What is expected:
Leaving out every picture, retype the lines below from the top through the one that contains "Clarks Un Ramble".

= Beginning of Section =

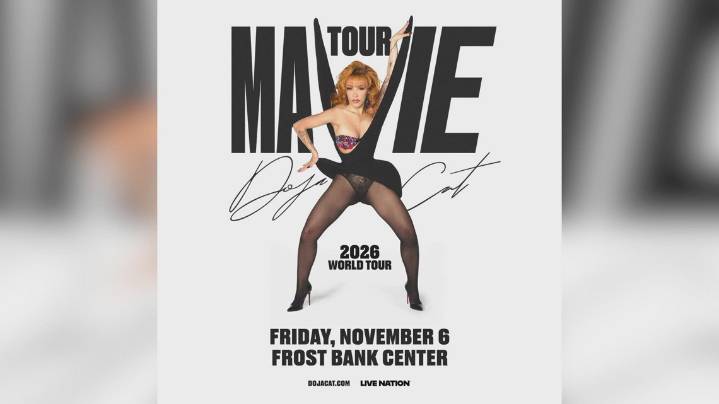 Doja Cat brings 'Tour Ma Vie' to San Antonio in 2026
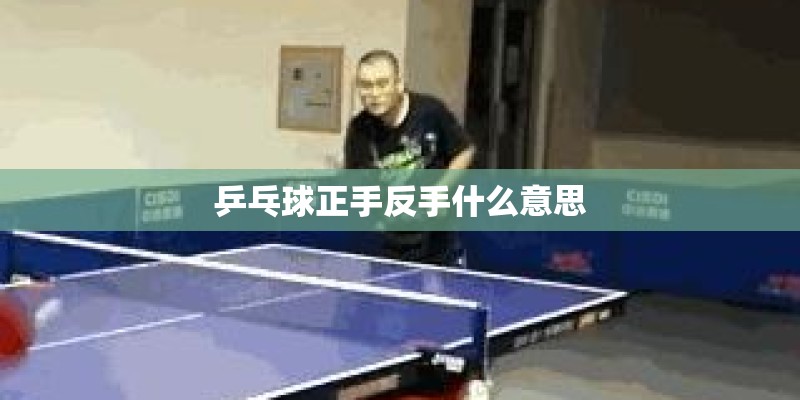 乒乓球正手反手什么意思 乒乓球正手反手什么意思
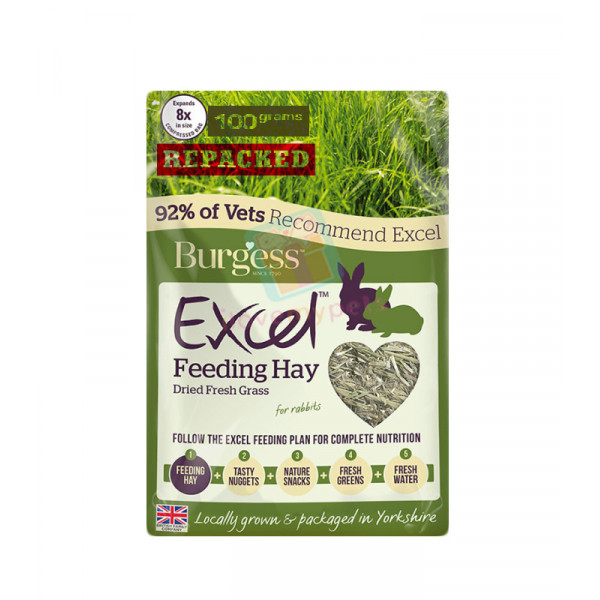 Burgess Excel Feeding Hay Dried Fresh Grass Repacked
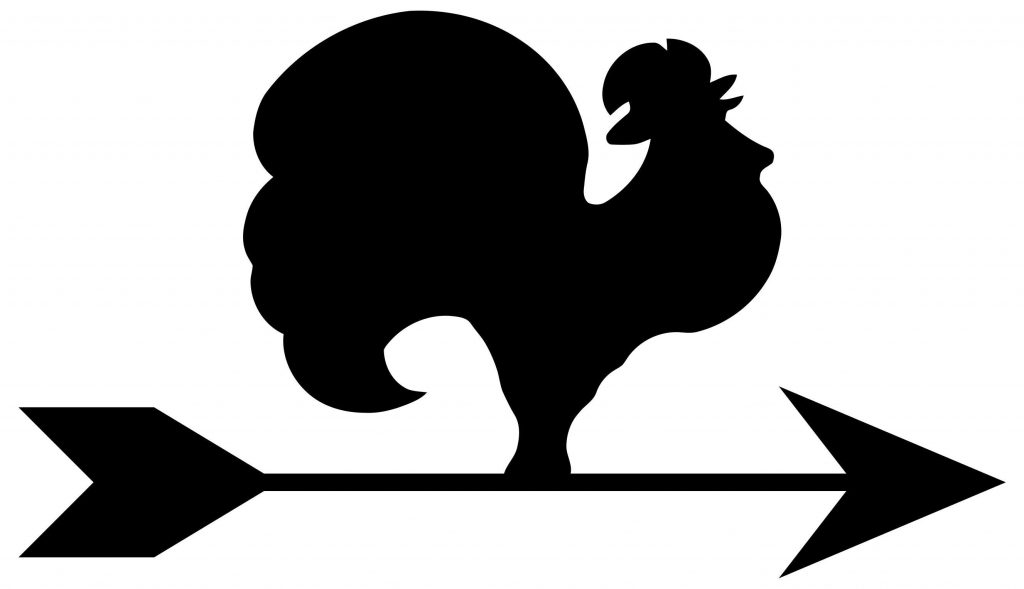 1024x589 Best 15 Rooster Weather Vane Silhouette Pictures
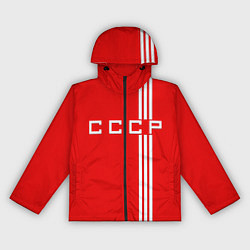 Ветровка с капюшоном женская Cборная СССР, цвет: 3D-черный
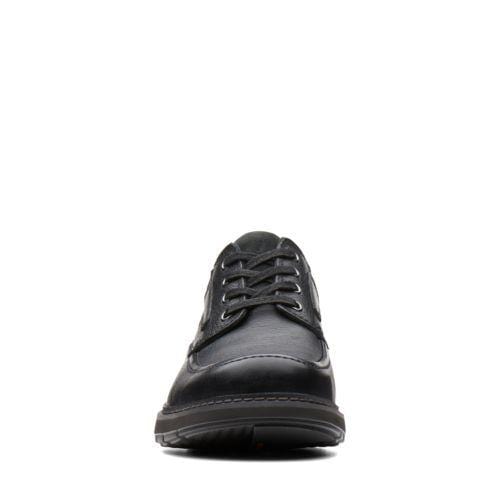 Clarks Un Ramble Black Tumbled Leather 26136989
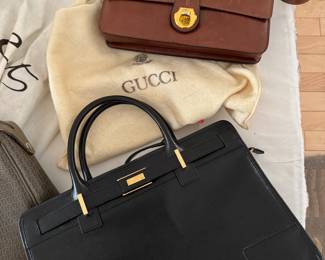 Pair of very nice vintage 1980's Gucci ladies handbags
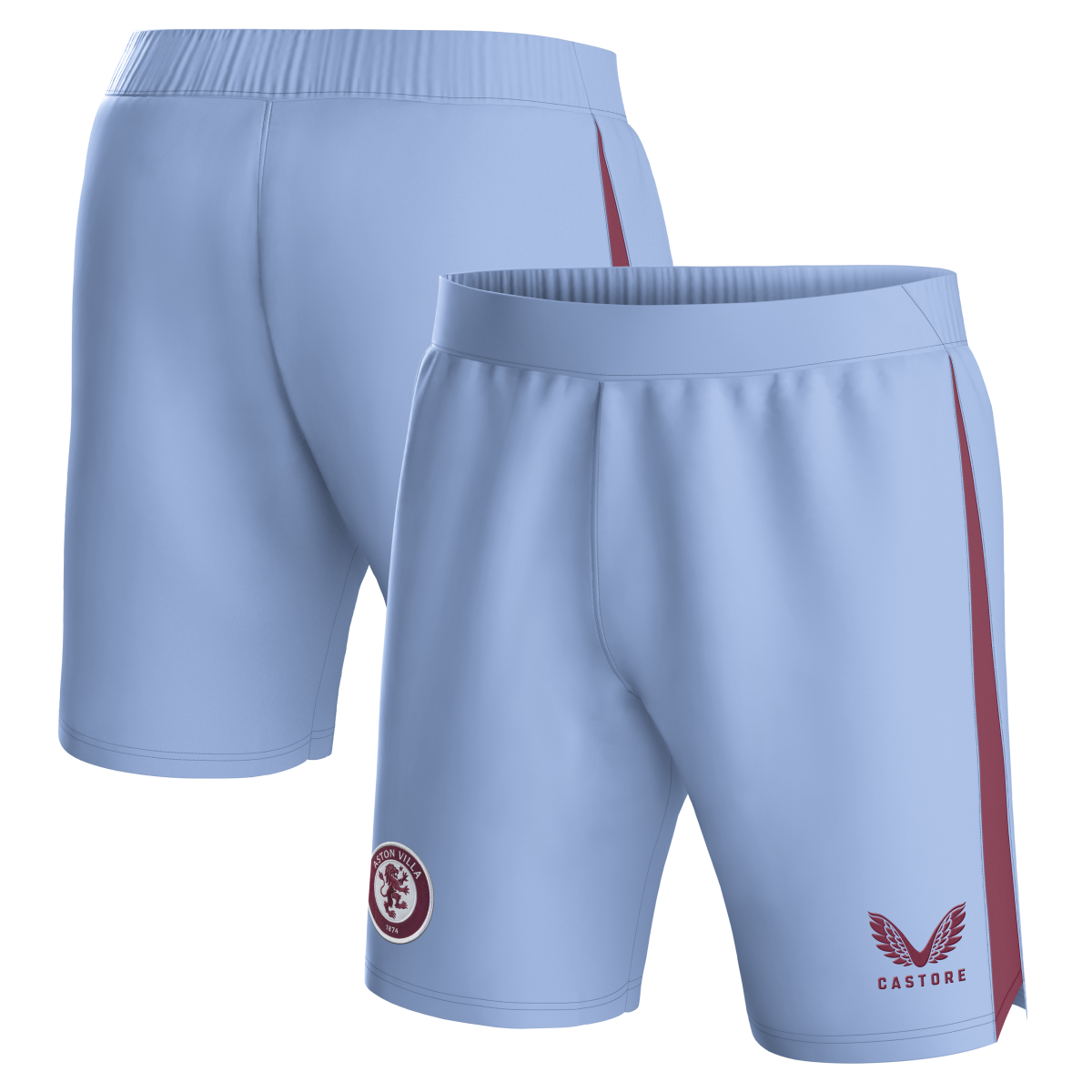 aston villa castore away shorts 2023-24 with custom printing Collection - Official Aston Villa Kits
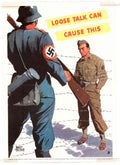 Wwii Soldiers Fence American World War II Advert Poster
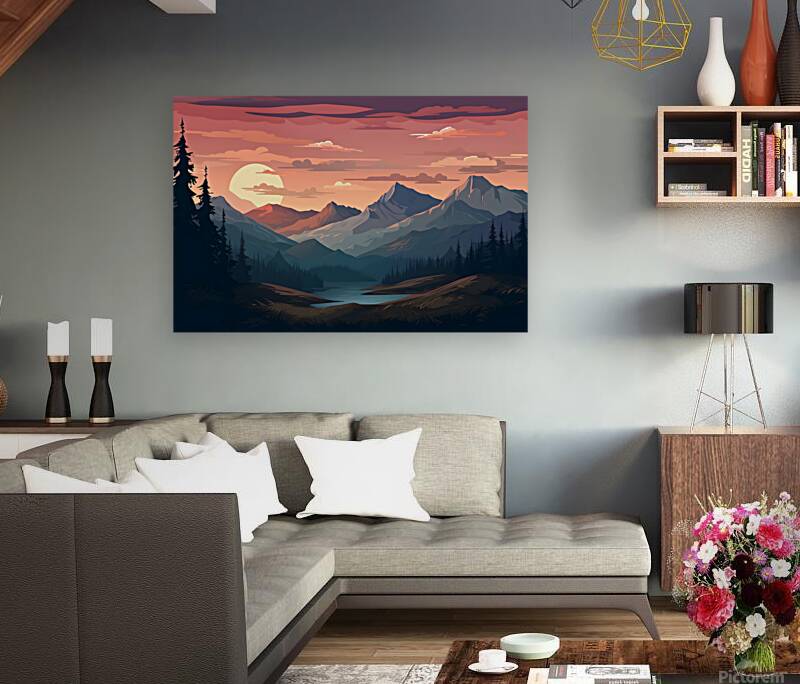 Mountain Landscape 41 Reproduction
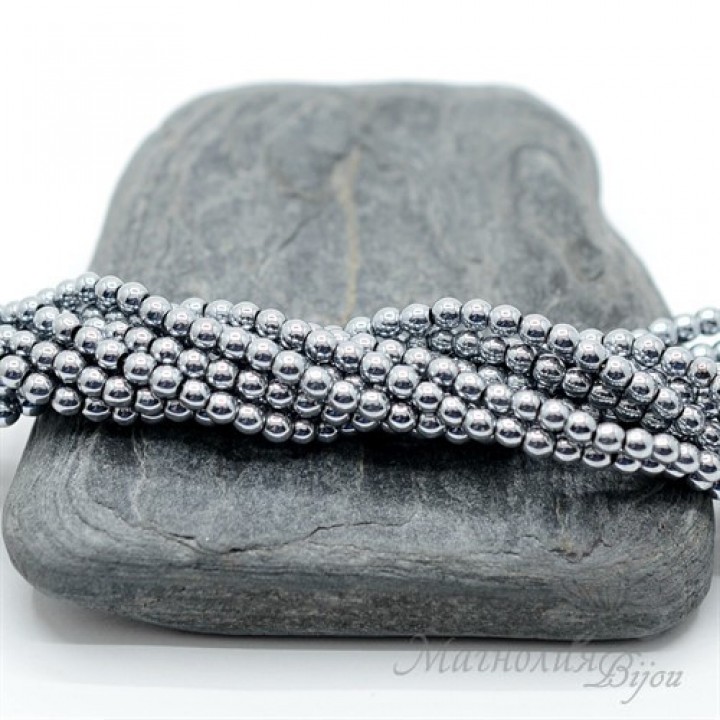 Hematita 3mm con recubrimiento de titanio níquel, 50 und.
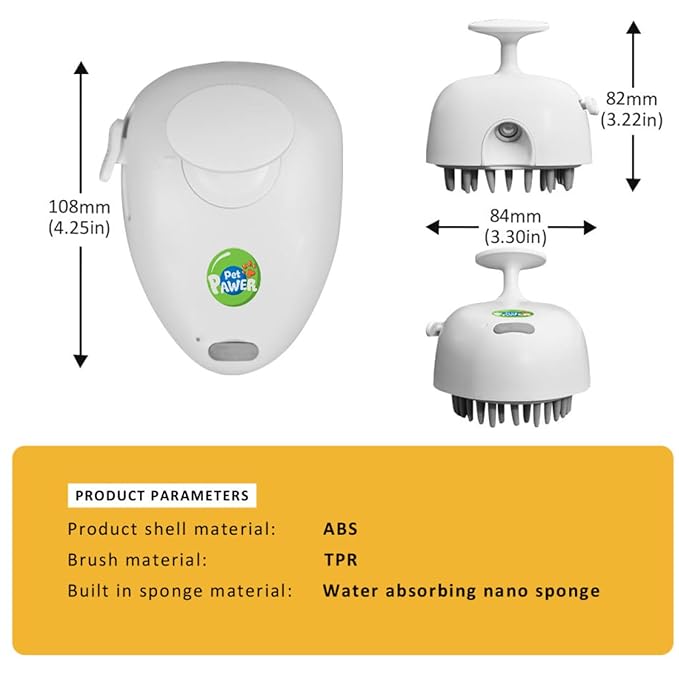 Cat Steam Brush for Shedding, 4 in 1 Rechargeable Steam Brush for Cats and Dogs, Anti-Static, Massage, Cleaning, Shedding & Combing All In One!-Mewly Pet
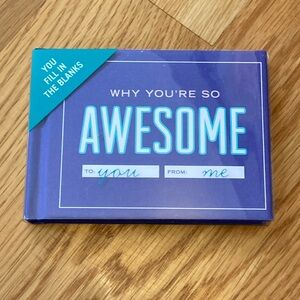 why you’re so awesome fill-in-the-blanks book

= End of Section =

Response:
 Doja Cat brings 'Tour Ma Vie' to San Antonio in 2026
 乒乓球正手反手什么意思 乒乓球正手反手什么意思
 Burgess Excel Feeding Hay Dried Fresh Grass Repacked
 1024x589 Best 15 Rooster Weather Vane Silhouette Pictures
 Ветровка с капюшоном женская Cборная СССР, цвет: 3D-черный
 Clarks Un Ramble Black Tumbled Leather 26136989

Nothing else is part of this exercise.